PROVIDED DATA:
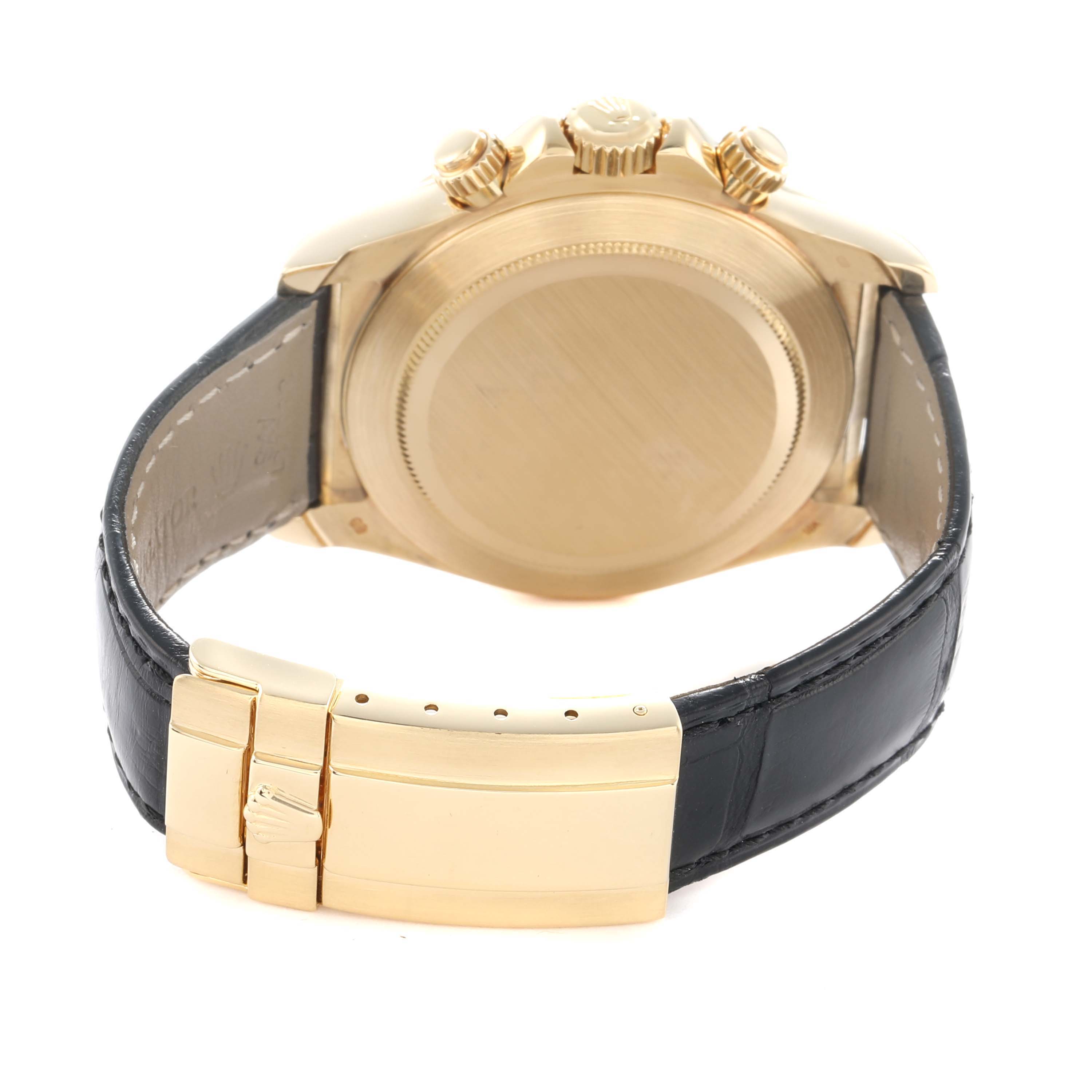 The image shows the back view of a Rolex Daytona 16518 Men's Yellow Gold White Dial watch, highlighting the case back, crown, pushers, and leather strap with clasp.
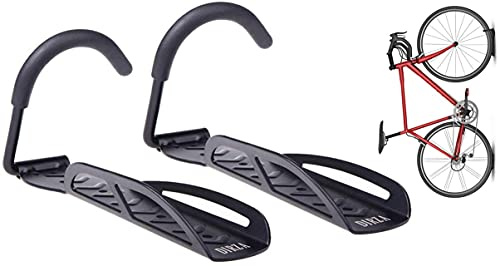 Dirza Bike Rack Garage Wall Mount Bike Hanger Storage System Vertical Bike Hook for Indoor Shed - Easily Hang/Detach - Heavy Duty Holds up to 65 lb with Screws Black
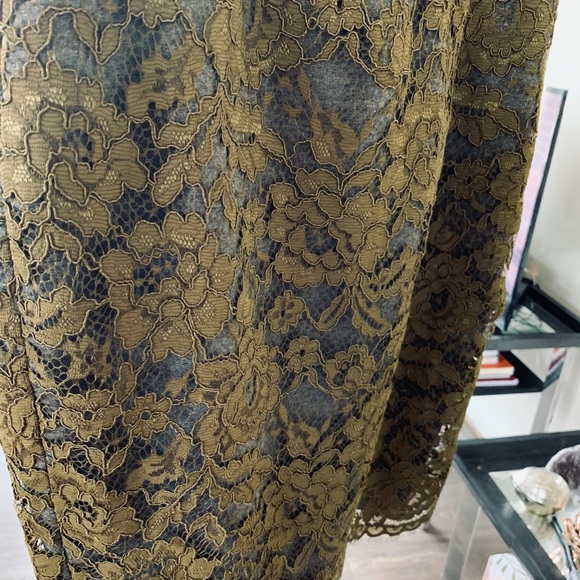 SOLD ‼️ Olive Green & Gray Lace Skirt by Loft - Picture 6 of 6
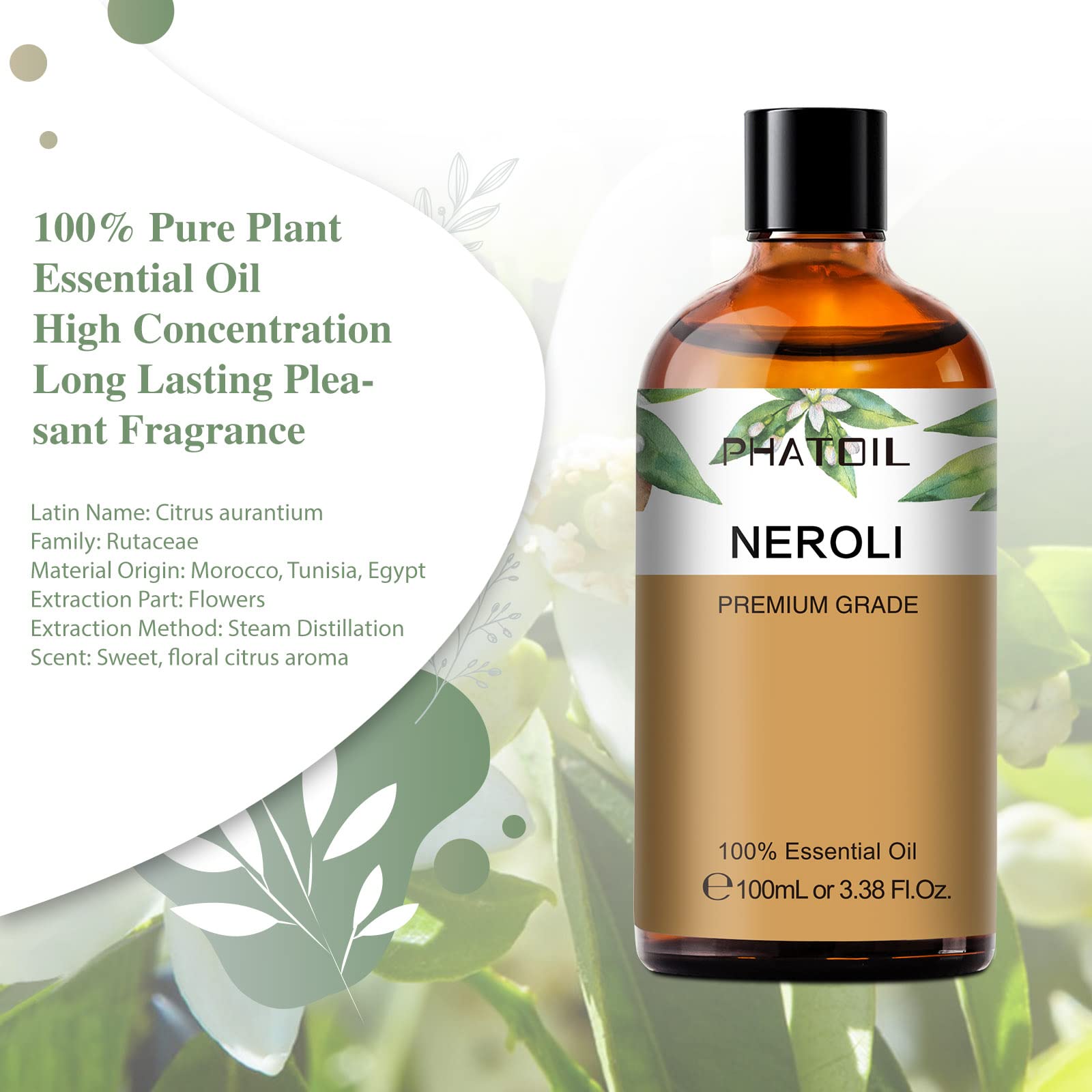 PHATOIL amber bottle protecting Neroli oil from light for lasting fragrance.
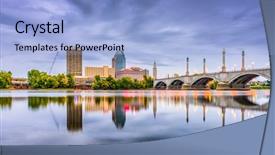  Presentation with skyline - Slide deck enhanced with ma - springfield massachusetts usa downtown skyline background and a light blue colored foreground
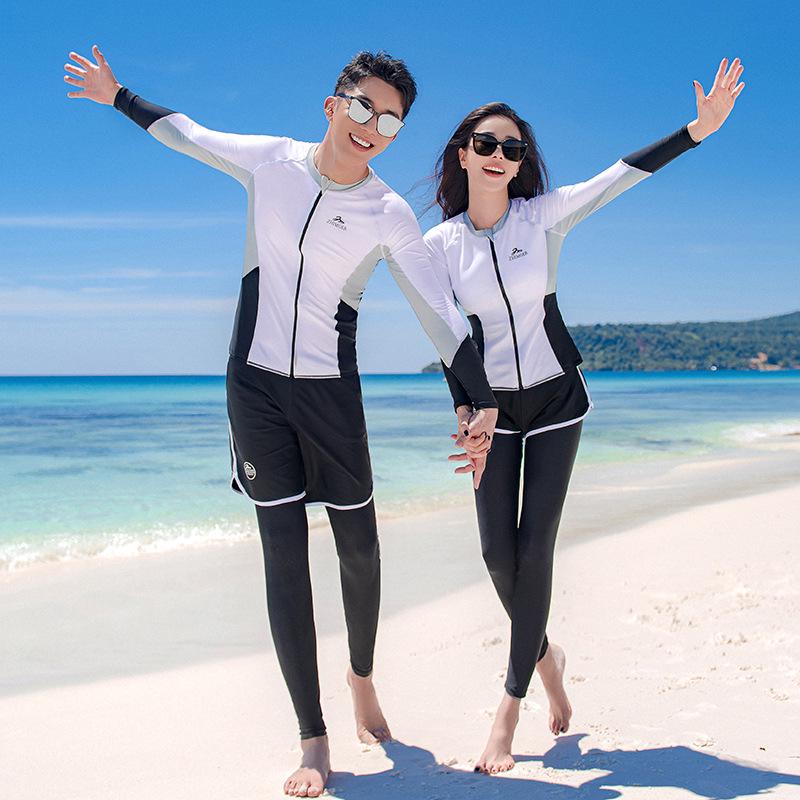 Unisex Long Sleeve Quick-Drying Zipper Wetsuit with Sun and Jellyfish Protection - Couple's Surfing Swimsuit Set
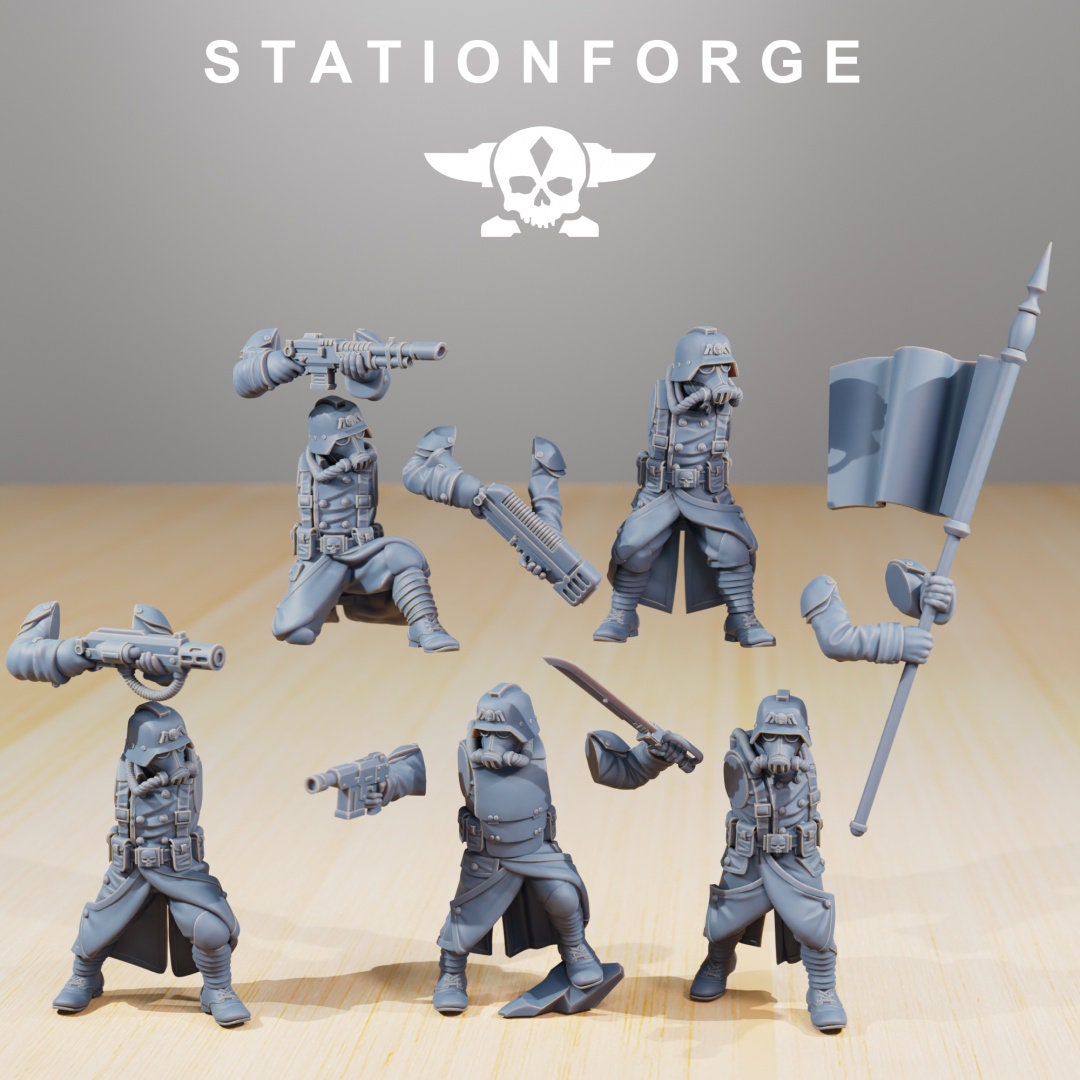 3D Printed Grim Guard Command Force by StationForge Miniatures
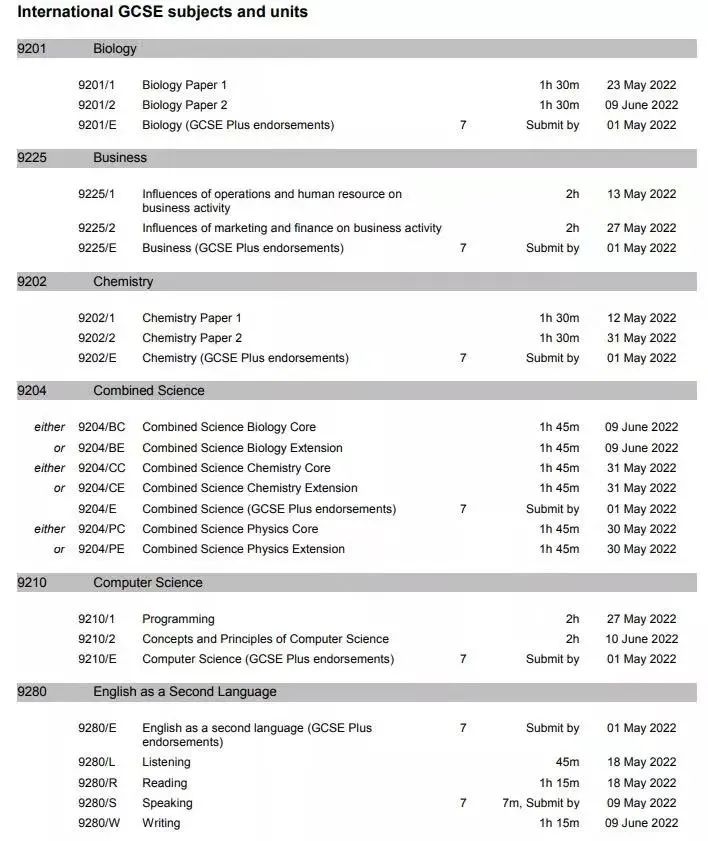 最新公布：2022年英国高考时间（IG部分），建议明年考生和家长以及辅导老师收藏！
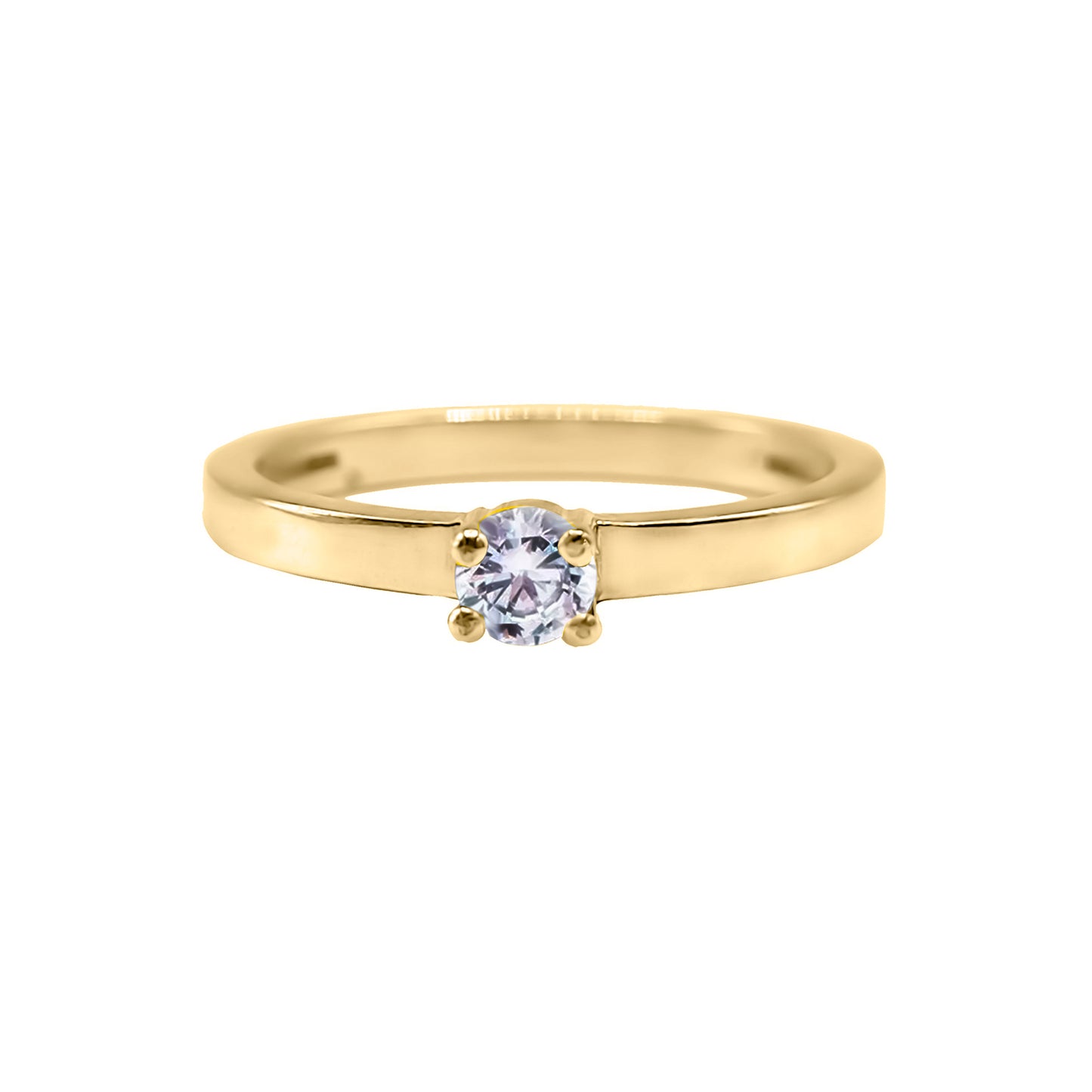 Anillo De Compromiso En Oro Con Circón De 3.00 Mm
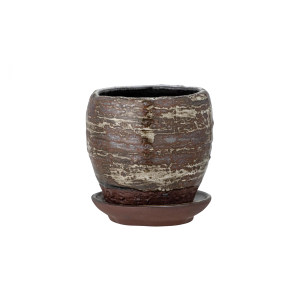 Calla Flowerpot WSaucer, Brown, Stoneware花瓶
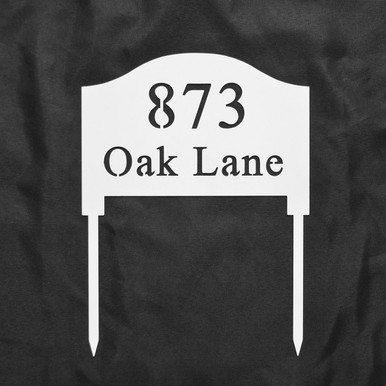 Personalized Staked Address Yard Sign - 12 inch / White Powder Coat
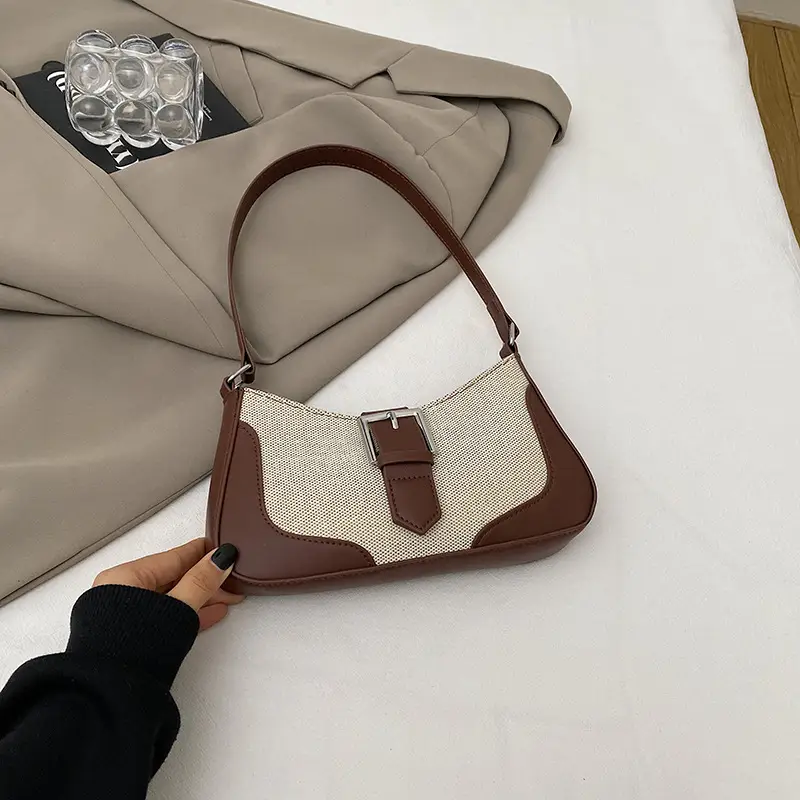 2024 Winter Shoulder Crossbody Bag Grey Beige Embroidered - Image 3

WORK ORDER:
Starting at the line with "Calla Flowerpot WSaucer, Brown, Stoneware花瓶", write out every line exactly through the final line of the records above, both included, and skip the pictures.

EXERCISE RESPONSE:
 Calla Flowerpot WSaucer, Brown, Stoneware花瓶
 Personalized Staked Address Yard Sign - 12 inch / White Powder Coat
 2024 Winter Shoulder Crossbody Bag Grey Beige Embroidered - Image 3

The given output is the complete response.